Many 20-Somethings Find It Difficult to Save for the Future

S.J. Steinhardt
Published Date:
Jan 20, 2023

GettyImages-1171764212 Retirement Fund Jar Change Money Coins

Starting a career, paying for housing and food, paying down student debt, saving for retirement and emergencies, and having enough left over to spend on enjoying life have always been difficult. But it seems to be more difficult for today’s 20-somethings, the New York Times reported.

Buffeted by all of these factors, made worse by high inflation and an unstable job market, many young adults are struggling.

A 22-year-old Fort Wayne, Ind., social worker, Shea German-Tanner, has trouble putting as little as $50 into her savings account. With a salary of $40,000 and about $600 in her savings account, she has not started saving for retirement.

“Everyone’s telling you to save money and do this and invest, and I feel like I can’t do that because I’m living paycheck to paycheck,” she told the Times. “I feel like the older generation is constantly pushing you to do stuff like they did when they were in their 20s, but it’s not even comparable to when they were in their 20s.”

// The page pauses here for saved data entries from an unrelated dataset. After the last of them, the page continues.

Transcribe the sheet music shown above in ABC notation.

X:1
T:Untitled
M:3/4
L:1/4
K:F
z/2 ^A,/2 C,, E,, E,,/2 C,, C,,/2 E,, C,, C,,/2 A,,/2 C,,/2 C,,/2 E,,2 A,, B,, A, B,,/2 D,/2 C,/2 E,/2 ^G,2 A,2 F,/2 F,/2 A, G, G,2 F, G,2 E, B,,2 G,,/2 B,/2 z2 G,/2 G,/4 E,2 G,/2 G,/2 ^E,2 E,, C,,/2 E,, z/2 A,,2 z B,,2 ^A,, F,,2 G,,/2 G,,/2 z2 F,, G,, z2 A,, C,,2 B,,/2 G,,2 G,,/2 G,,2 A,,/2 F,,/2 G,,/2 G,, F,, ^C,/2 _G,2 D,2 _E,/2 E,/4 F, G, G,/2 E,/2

Twenty-five-year-old Aberdeen, N.J., project manager Theresa Fairless told the Times that paying off her student loans has been her priority. After paying off her $50,000 in personal loans, she still owes $23,000 of the $25,900 she borrowed in government loans because she has not been making payments during the student loan pause period.

“I was the first person I knew who had to deal with loans,” she said. Having lived at home since her 2018 graduation, she moved in with her boyfriend and tries to save from her $65,00 salary, while giving $200 a month to her mother.

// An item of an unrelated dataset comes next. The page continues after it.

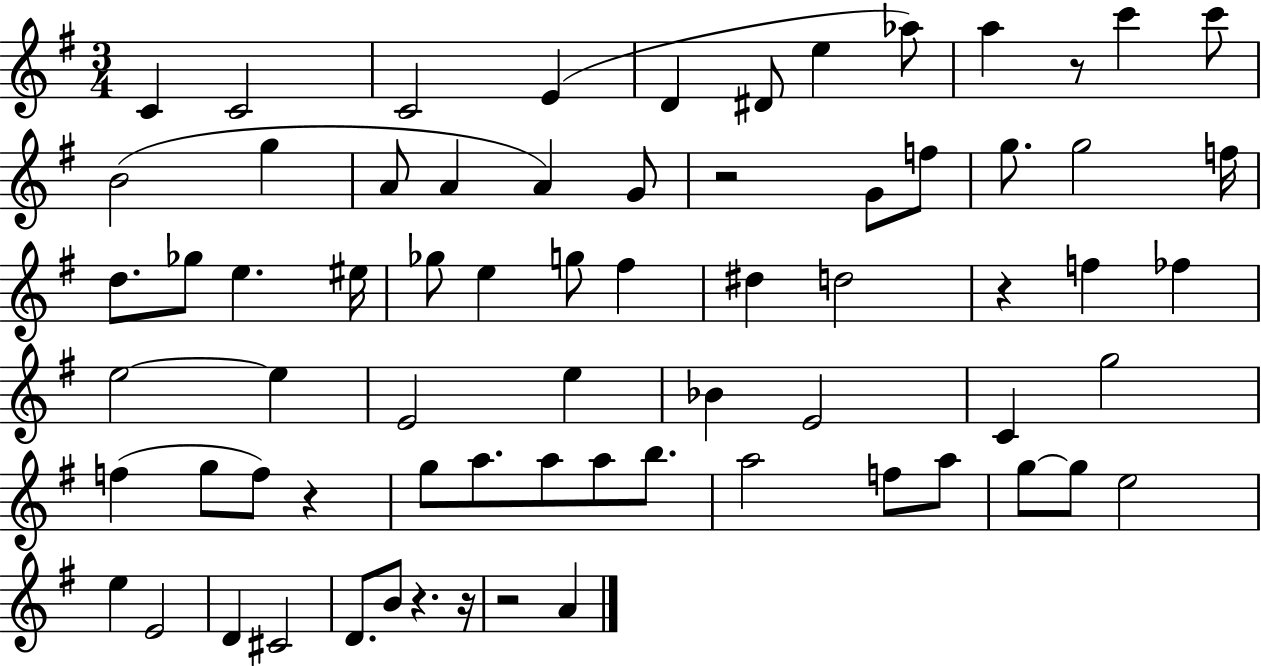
C4/q C4/h C4/h E4/q D4/q D#4/e E5/q Ab5/e A5/q R/e C6/q C6/e B4/h G5/q A4/e A4/q A4/q G4/e R/h G4/e F5/e G5/e. G5/h F5/s D5/e. Gb5/e E5/q. EIS5/s Gb5/e E5/q G5/e F#5/q D#5/q D5/h R/q F5/q FES5/q E5/h E5/q E4/h E5/q Bb4/q E4/h C4/q G5/h F5/q G5/e F5/e R/q G5/e A5/e. A5/e A5/e B5/e. A5/h F5/e A5/e G5/e G5/e E5/h E5/q E4/h D4/q C#4/h D4/e. B4/e R/q. R/s R/h A4/q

“I always wanted my emergency fund to be at $10,000,” she told the Times. “I have it there and I feel like I need it to be more. I honestly feel like I’m not just saving for myself—I’m saving for my mom because I know she doesn’t have one.”

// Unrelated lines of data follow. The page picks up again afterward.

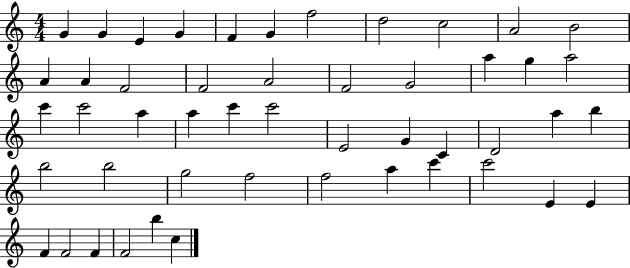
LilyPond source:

{
  \clef treble
  \numericTimeSignature
  \time 4/4
  \key c \major
  g'4 g'4 e'4 g'4 | f'4 g'4 f''2 | d''2 c''2 | a'2 b'2 | \break a'4 a'4 f'2 | f'2 a'2 | f'2 g'2 | a''4 g''4 a''2 | \break c'''4 c'''2 a''4 | a''4 c'''4 c'''2 | e'2 g'4 c'4 | d'2 a''4 b''4 | \break b''2 b''2 | g''2 f''2 | f''2 a''4 c'''4 | c'''2 e'4 e'4 | \break f'4 f'2 f'4 | f'2 b''4 c''4 | \bar "|."
}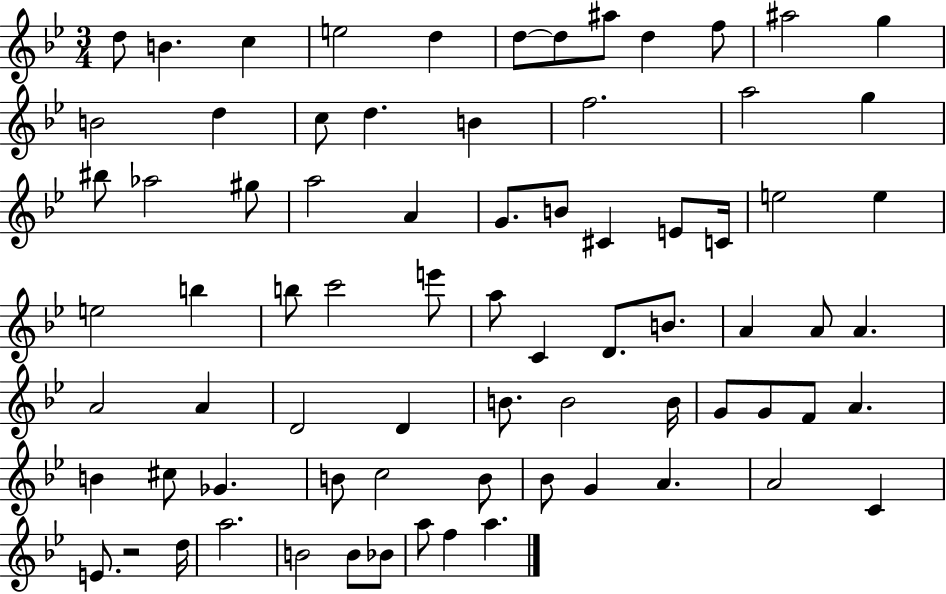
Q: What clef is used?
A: treble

First-generation Vietnamese immigrant Thea Pham, 27, sends money to her family in Vietnam. While acknowledging her financial stability, she told the Times that, despite her high income from her finance job, it is culturally expected for her to support her family.

“The majority of my paychecks are actually sent home to my family,” she said. “I didn’t know Americans don’t do that and how abnormal it is.”

Kathia Ramirez, 24, of Bensenville, Ill., holds several part-time jobs and plans to go to college. Earning roughly $2,000 a month, she saves $200 to $300 a month in a savings account, spending the rest on groceries, gas and clothing. She hasn’t thought about saving for retirement.

“I love living at home,” she said. “It does help me save money. I have a really good relationship with my family.”

Certified financial planner Zach Teutsch advised young people to spend the time to figure out their employer’s 401(k) plan, and build an emergency fund to cover unforeseen expenses, rather than small luxuries.

“Big decisions matter a whole lot more than small decisions,” he told the Times. “Contrary to some of the advice out there, most 20-somethings should worry more about jobs, housing, transportation and less about lattes and Netflix.”

One young adult who has been able to save for the future is 28-year-old Brian Teitelbaum of New York. He earns about $90,000 a year as a project manager, and he has an emergency fund, invests, and contributes to both a 401(k) and a Roth IRA. In addition, he tries to use the subway and cooks at home to save money. He does not have any student debt and saves about $2,000 a month. He set up his paycheck to be deposited into different savings accounts.

“I think my favorite thing about finance nowadays is auto deposit,” he said.